Devin Funchess is a conundrum, not fast enough to get separation but not a great jump ball threat either. He plays a bit like a slower Marlon Brown, which isn’t a good thing for a 6’5″ receiver. Brown plays like a slot receiver in a big body, and so does Funchess.
In terms of physical skills, few are better than Sammie Coates, who ran a 4.43, jumped 41 inches in the vertical and repped 225 23 times. Coates is a big play threat, but not a polished receiver by any means. He will probably go in the first round or early second, but I don’t think the Ravens should take him in the first.
Devin Smith is a bit like DeVante Parker, in that he has one overwhelmingly incredible skill that should translate to the NFL level.
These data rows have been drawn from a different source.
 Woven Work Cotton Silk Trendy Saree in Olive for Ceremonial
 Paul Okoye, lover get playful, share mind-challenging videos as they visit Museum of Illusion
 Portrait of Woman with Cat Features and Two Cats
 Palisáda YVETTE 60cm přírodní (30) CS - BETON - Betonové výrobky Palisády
In Smith’s case, that’s the deep ball. Few adjust to the ball better than Smith, and he can win jump balls more than his 6′ frame would suggest. If Smith miraculously falls to the second round, he’d be a no brainer. He could still be a solid first rounder.
Tight Ends: Maxx Williams
The only tight end who has a chance to go in the first round is Maxx Williams. Williams is a high effort player with a world of upside. He is a surprisingly good blocker who only needs to learn leverage to become one of the better blocking tight ends in the game. As a receiver, Williams is a natural, with soft hands and fluid athleticism. He is a blast to watch on film and would be a great first-round pick.
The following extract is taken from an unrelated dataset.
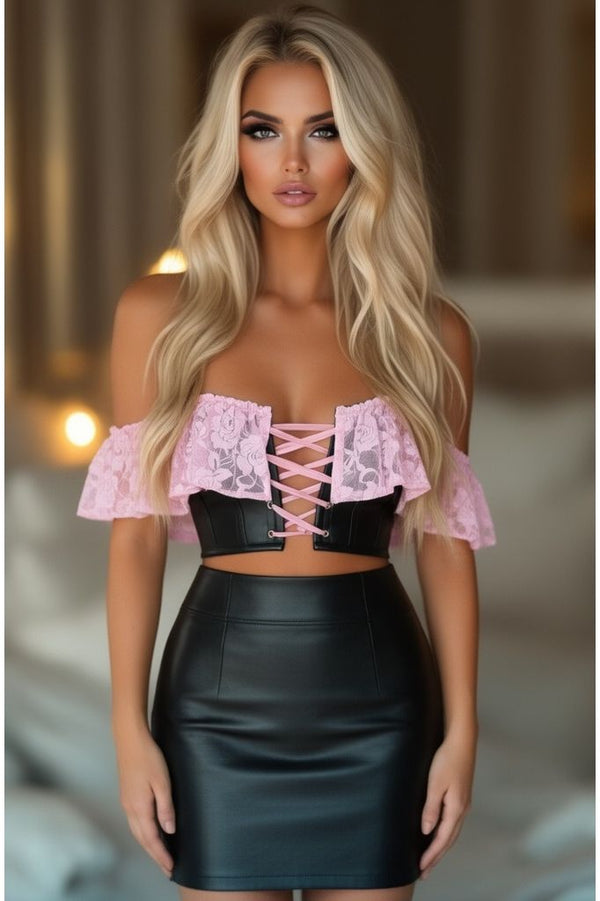 Daisy Corsets LIMITED EDITION Lavish Lt Pink Lace & Faux Leather Bustier Top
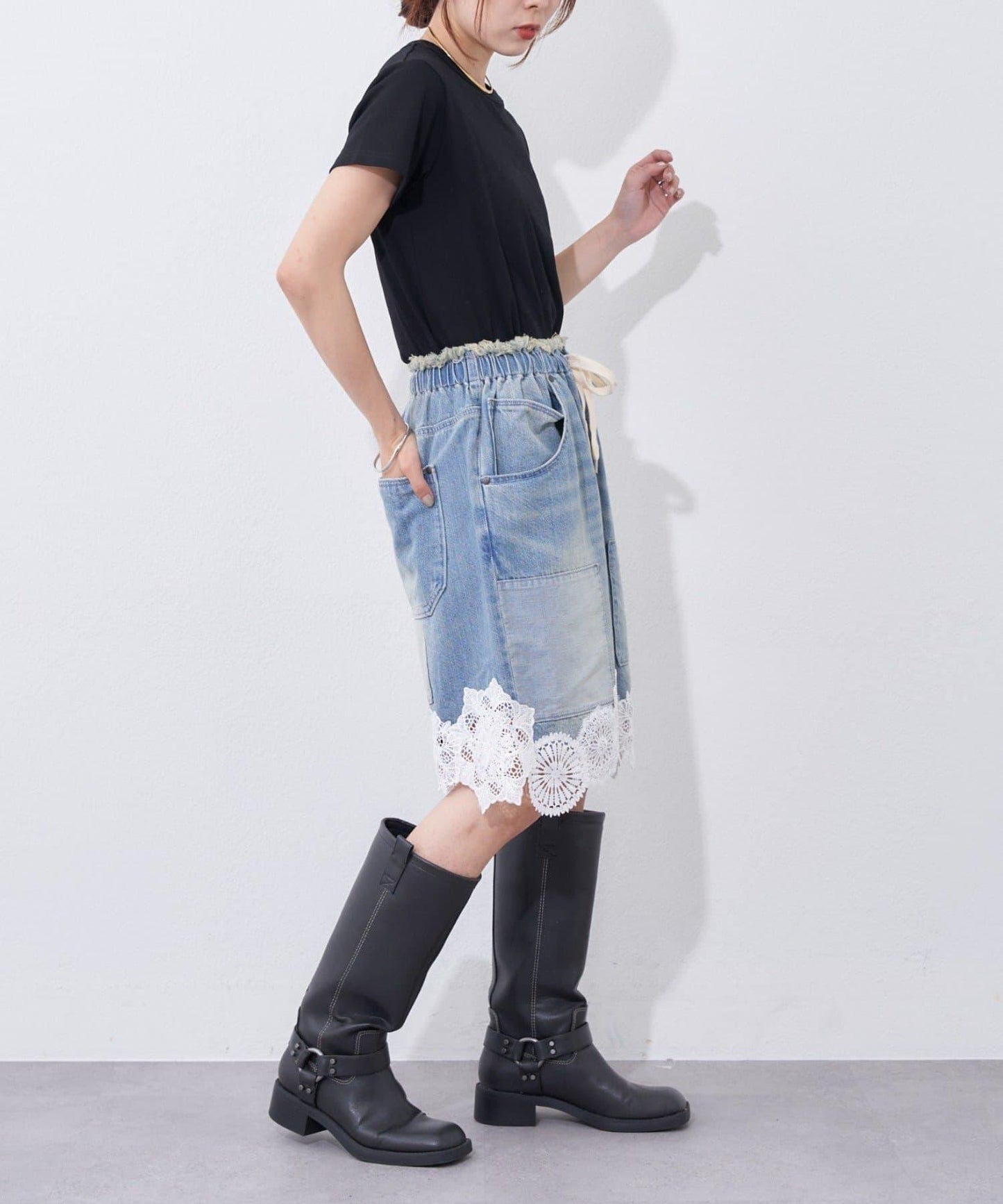 etsinta 下襬蕾絲 休閒牛仔短褲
Pass Rushers: Randy Gregory, Shane Ray, Dante Fowler Jr., Vic Beasley, Bud Dupree
Randy Gregory is most like a top-five pick, but after measuring just 235 pounds at the Combine, Gregory could fall. He uses his hands extremely well, showing surprising violence for a guy with so little sand in his pants. Paired with his tremendous athleticism, Gregory should be a star.
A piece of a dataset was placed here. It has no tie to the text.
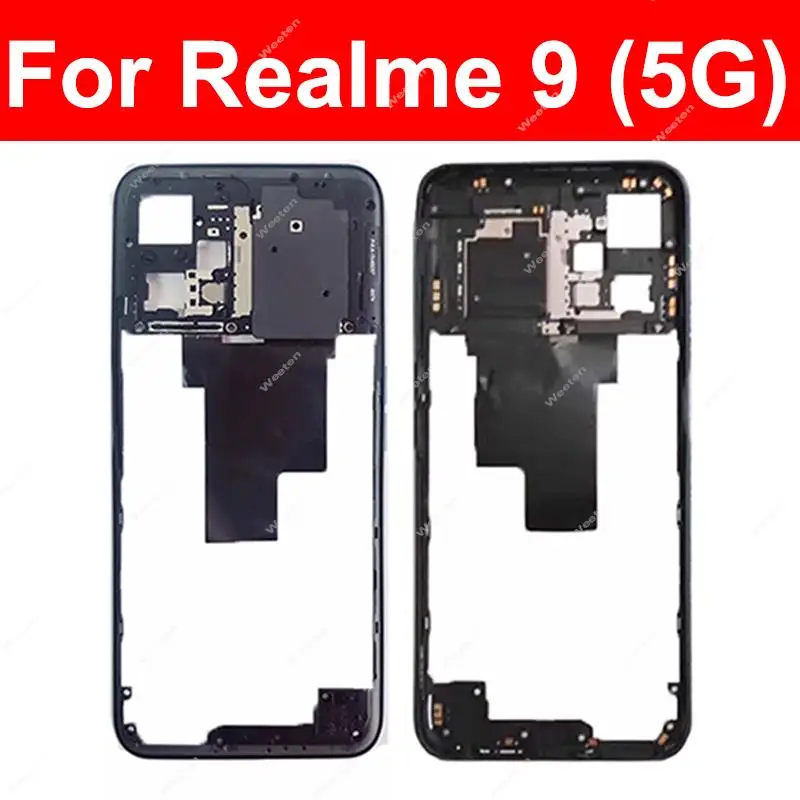 For Realme 9 5G Global RMX3474 Middle Frame Housing Cover Holder Bezel with Side Button with/without NFC Parts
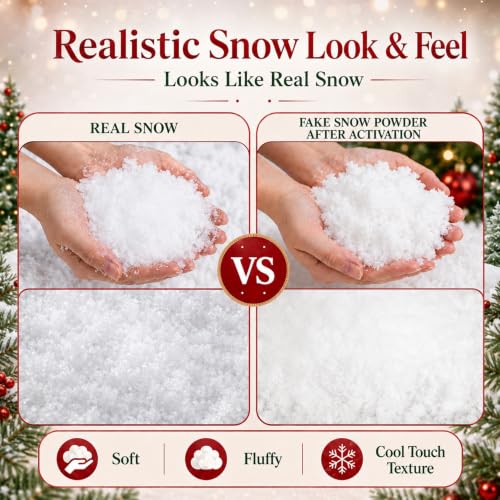 Instant Fake Snow Powder 11 oz - Artificial Snow for Christmas & Holiday Decor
Shane Ray doesn’t quite have Gregory’s immense physical tools, but his first step is just as good. He is also more raw than Gregory, but that raw talent cannot be denied. Ray will probably go too high for the Ravens.
Dante Fowler is much the same, a guy very likely to go before the Ravens pick. They’ll do their due diligence, though, and find another guy with an elite first step.
Finally, Bud Dupree is a relative unknown, albeit one with a lot of potential. Like Beasley, he blew up the Combine, showing incredible quick twitch athleticism. Whether that is enough to justify a first-round pick remains to be seen.
Cornerbacks: Trae Waynes, Marcus Peters, Jalen Collins
Trae Waynes will go too early after running a 4.31 at the Combine, which is a shame, because he’s the most natural cover corner in this draft class. Few cornerbacks have Waynes’ ability to shadow receivers and track the ball.
Marcus Peters has not impressed me aside from his ability in press coverage. His jam is awe inspiring. Aside from that, Peters is honestly a marginal prospect with slow instincts in off coverage.
Jalen Collins is as raw as it gets, with length, speed and not much else. Ball skills and actual coverage ability is questionable, but he is getting first-round hype.